Des séquelles durables pour Geneviève Legay
Geneviève Legay, aujourd'hui âgée de 80 ans, reste « combative » malgré les séquelles de ses blessures. Le 23 mars 2019, alors âgée de 73 ans et porte-parole départementale de l'association altermondialiste Attac, elle participait à une manifestation non autorisée de gilets jaunes dans le centre de Nice. « J'étais venue là manifester pacifiquement », avait-elle assuré à la barre, se remémorant « un coup sur la tête » puis la chute. Précipitée au sol par les policiers, elle était restée inanimée, victime de multiples fractures, notamment au crâne. Elle a passé deux mois à l'hôpital et souffre aujourd'hui d'une perte de l'odorat, d'une partie du goût et de 35 % d'audition à l'oreille droite.
Un ordre jugé « illégal » et « inadapté »
L'ordre du commissaire de charger la foule, dont un groupe de personnes âgées et de journalistes, n'était « pas nécessaire », « inadapté » et « illégal », avait notamment fait valoir l'avocate générale à l'audience de la cour d'appel du Rhône à Lyon en février, requérant six mois de prison avec sursis. M. Souchi a été condamné lundi pour « complicité de violences par personne dépositaire de l'autorité publique ». En appel, il avait exprimé sa « compassion » pour Mme Legay mais martelé qu'il ne voulait pas assumer « la responsabilité du geste » de ceux qui l'avaient violemment précipitée au sol. Sa défense avait plaidé qu'il « n'avait fait que transmettre l'ordre qui lui avait été donné » et qui était « légal pour libérer les lieux », le présentant comme un « bouc émissaire » dans une affaire qui avait créé de sérieux remous dans l'opinion publique.

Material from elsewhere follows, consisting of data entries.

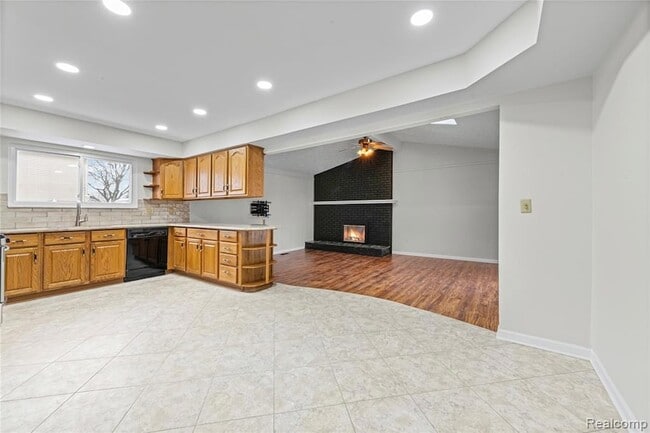 Building Photo - 39327 Timberlane Dr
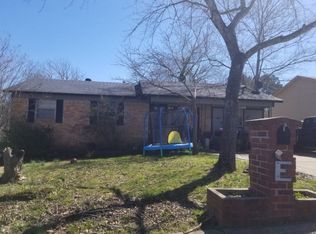 10 Crest Ln, Sherwood, AR 72120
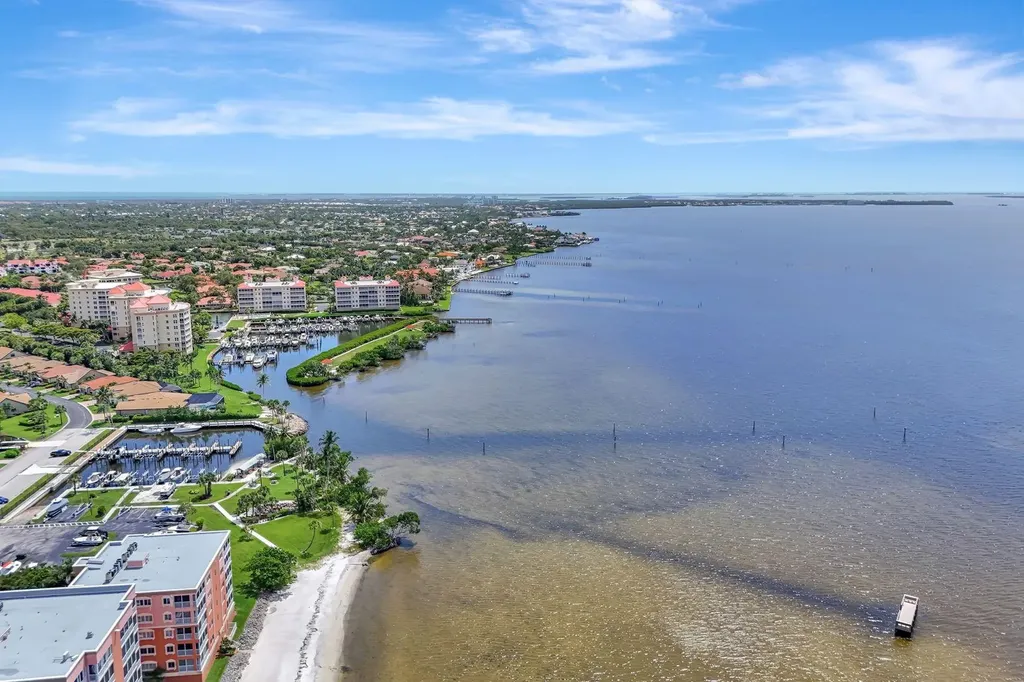 7105 Quail Run Court W Fort Myers FL 33908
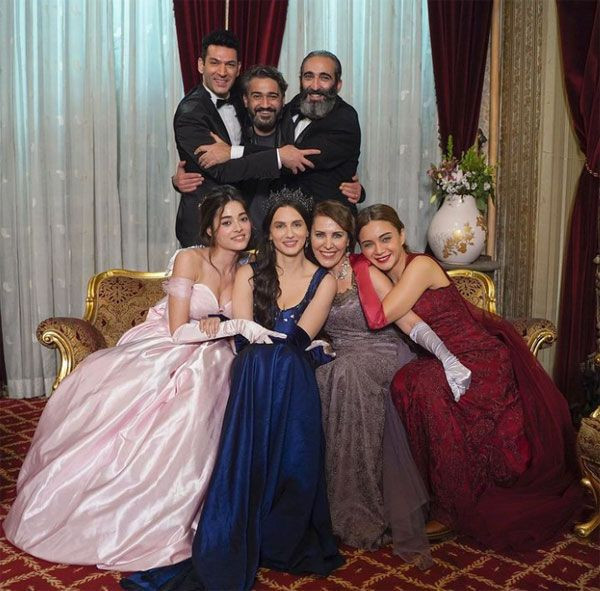 Murat Yıldırım 'Aziz' dizisi ile ilgili merak edilen haberi duyurdu! "Bunlar doğru değil" - Resim: 1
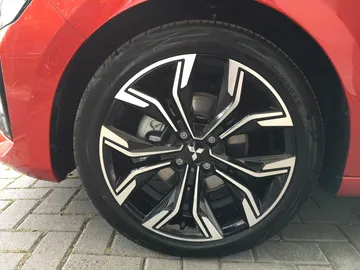 Car image 37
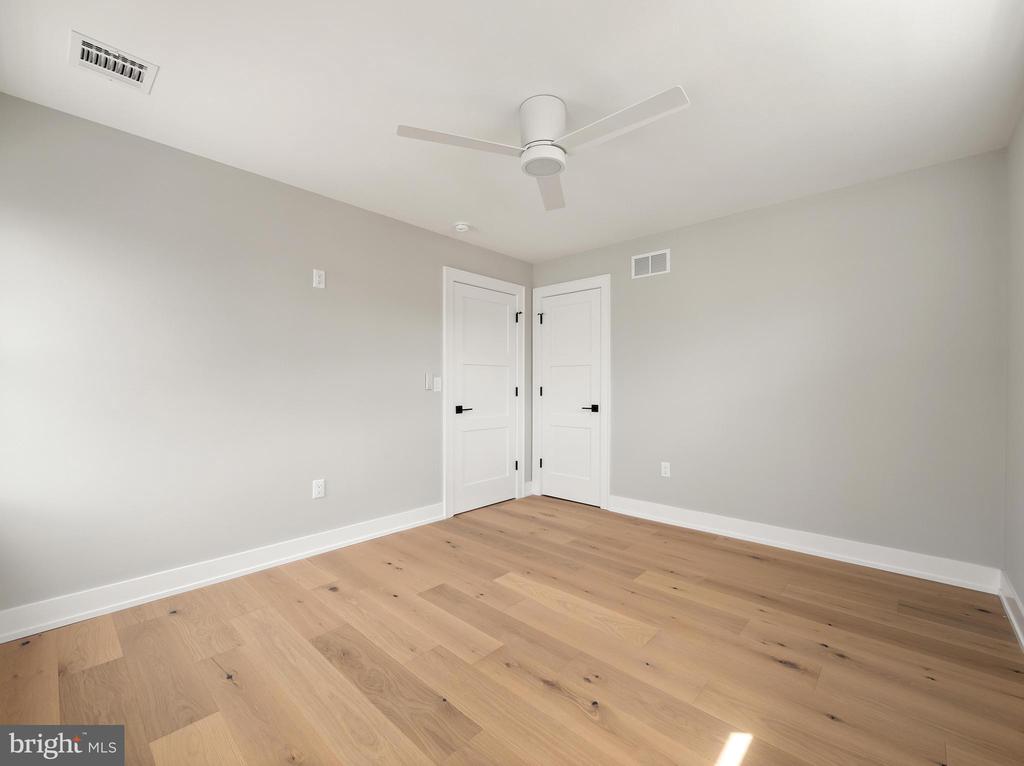 20 W JOSHUA AVENUE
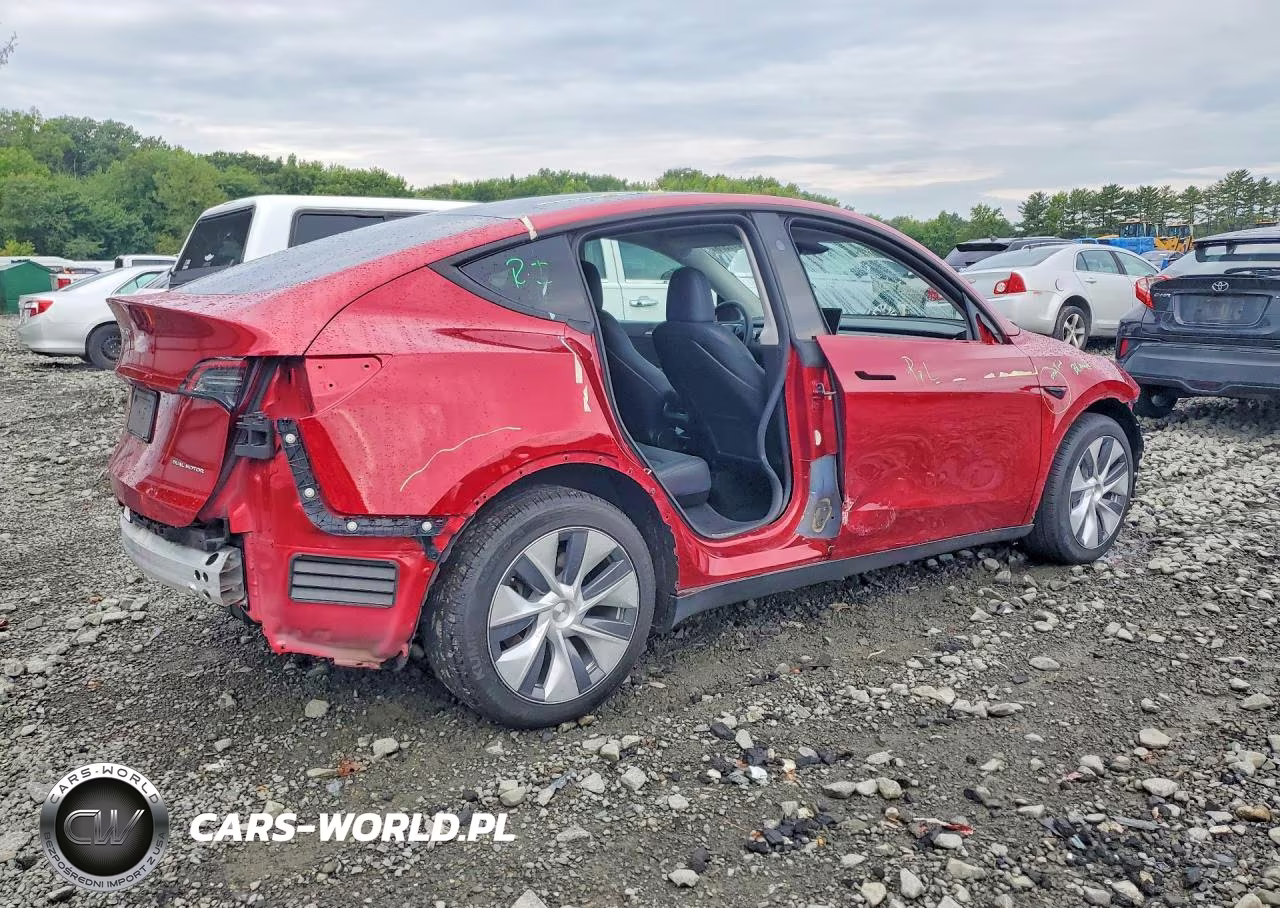 2024 Tesla Model Y VIN:7SAYGDEE2RF083569 - 3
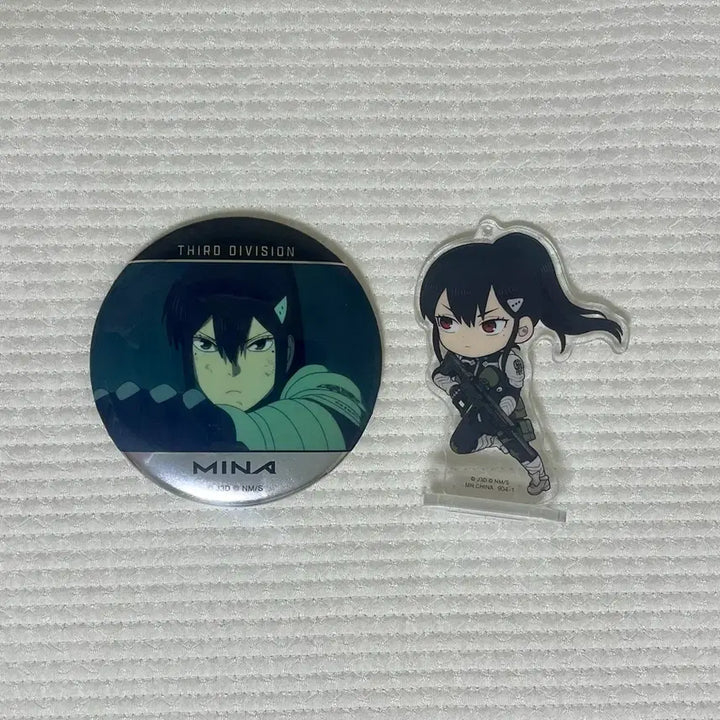 [BUNJANG] Kaiju No. 8 Mina Ashiro Acrylic Stand &amp; Can Badge Bundle Set / 괴수8호 아시로 미나 굿즈 2종(미니아크릴, 캔뱃지)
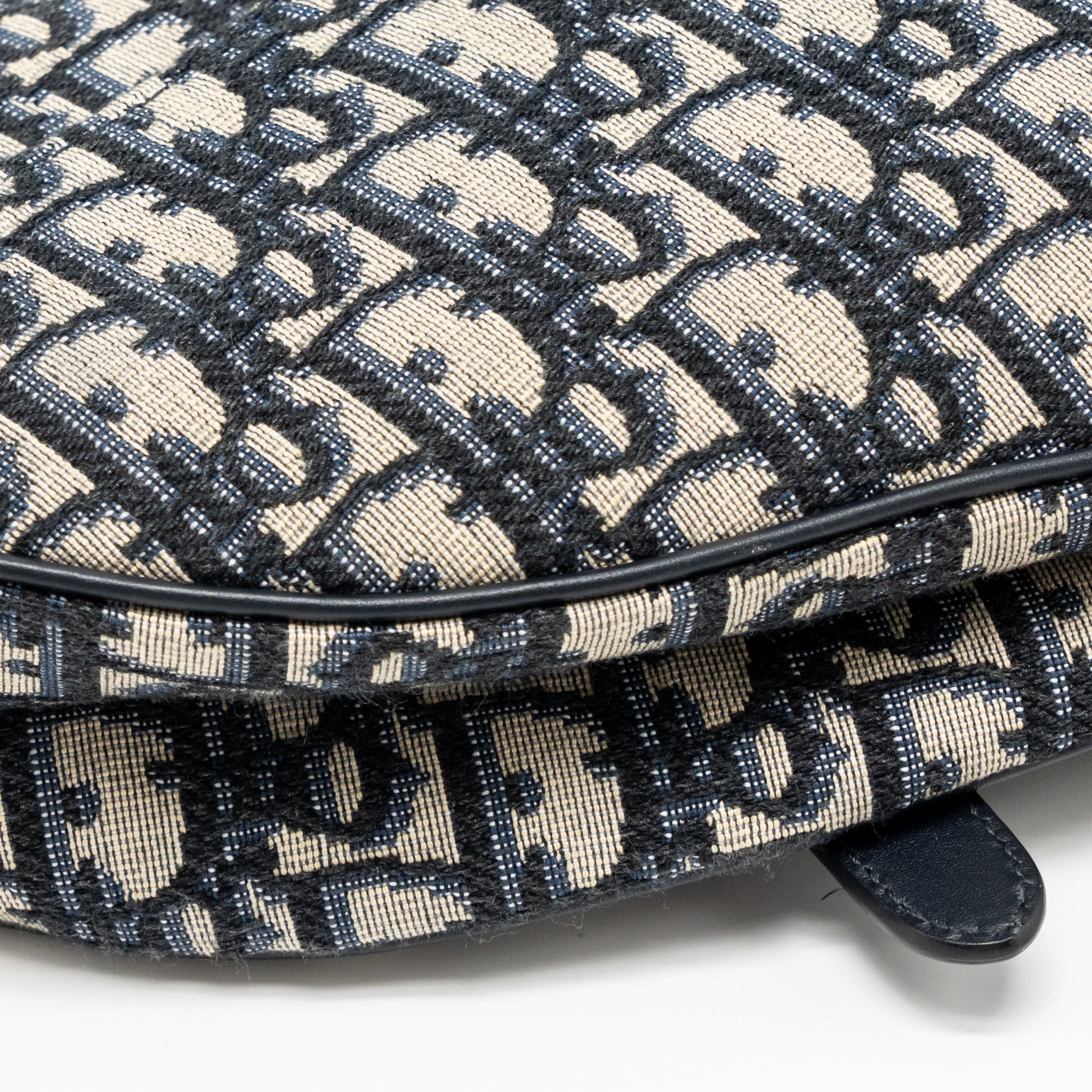 dior-medium-saddle-bag-blue-dior-oblique-jacquard-canvas-calfskin-ghw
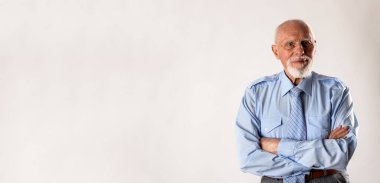 Gri arka planda fotokopi çeken yaşlı bir adam. Sakallı yaşlı bir adamın portresi. Kıdemli adam.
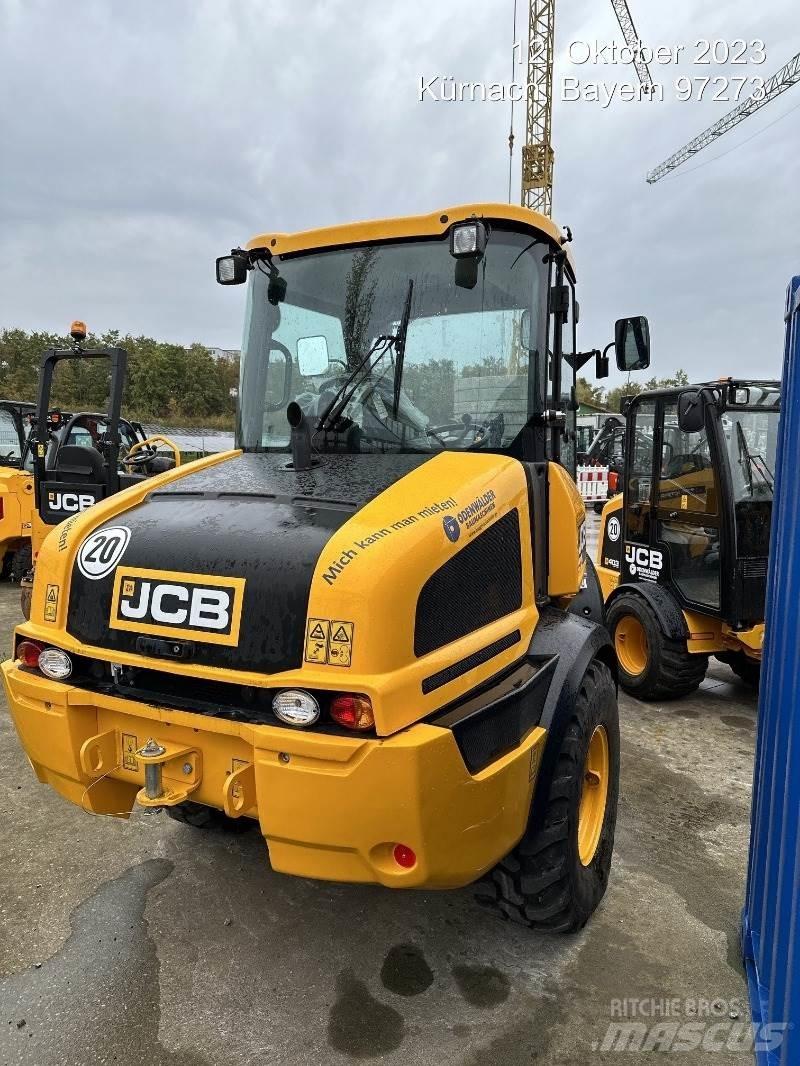 JCB 409 Pale gommate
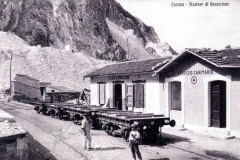 at Carrara-stazione di Ravaccione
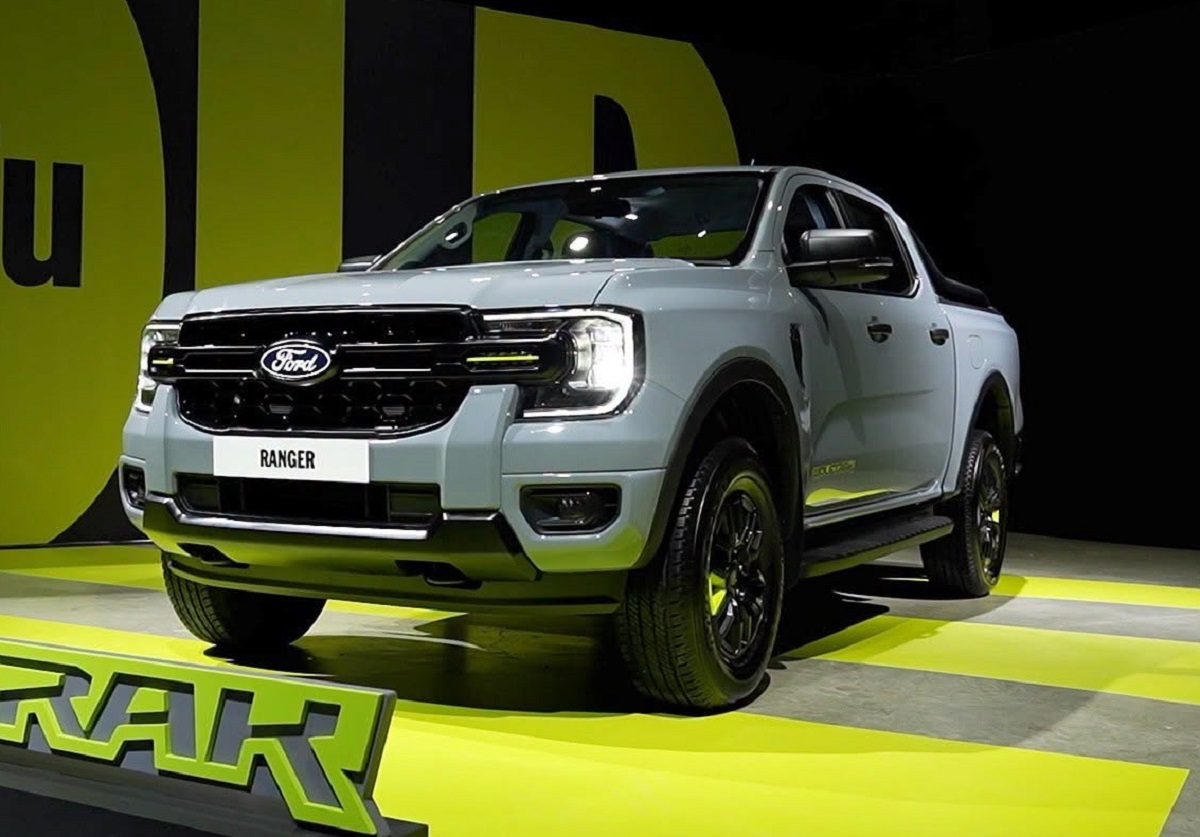 Ford ra mắt &lsquo;vua b&aacute;n tải&rsquo; Ranger 2026 gi&aacute; 748 triệu đồng: Thiết kế đẹp long lanh, x&eacute; v&eacute; Toyota Hilux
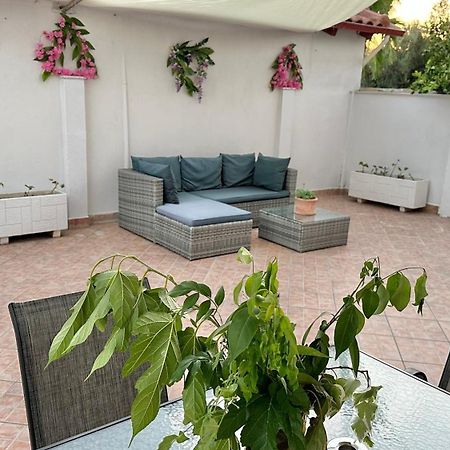 Patras Golden Suite Ngoại thất bức ảnh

Des images qui ont marqué l'opinion
Les images de cette femme aux cheveux gris entourée de policiers, d'abord debout avec un drapeau arc-en-ciel puis inanimée au sol après la charge, avaient fait le tour des réseaux sociaux et des journaux télévisés. Elles avaient également suscité des efforts des autorités pour tenter de disculper la police, ainsi que les propos du président Emmanuel Macron lui conseillant à l'avenir « un comportement responsable » et « une forme de sagesse ». Geneviève Legay avait également accusé M. Souchi d'avoir interdit aux médecins volontaires des gilets jaunes de l'approcher pendant 10 minutes après sa chute.
Une carrière préservée malgré la condamnation
M. Souchi, qui avait fait appel du premier jugement, avait postulé à la direction de la police aux frontières (PAF) à Marseille, selon des informations révélées par la presse. La dispense d'inscription de sa condamnation au casier judiciaire, confirmée en appel, lui permet de conserver son poste de directeur adjoint de la police municipale de Nice. Cette décision judiciaire clôt une procédure de plusieurs années dans une affaire emblématique des violences policières lors du mouvement des gilets jaunes.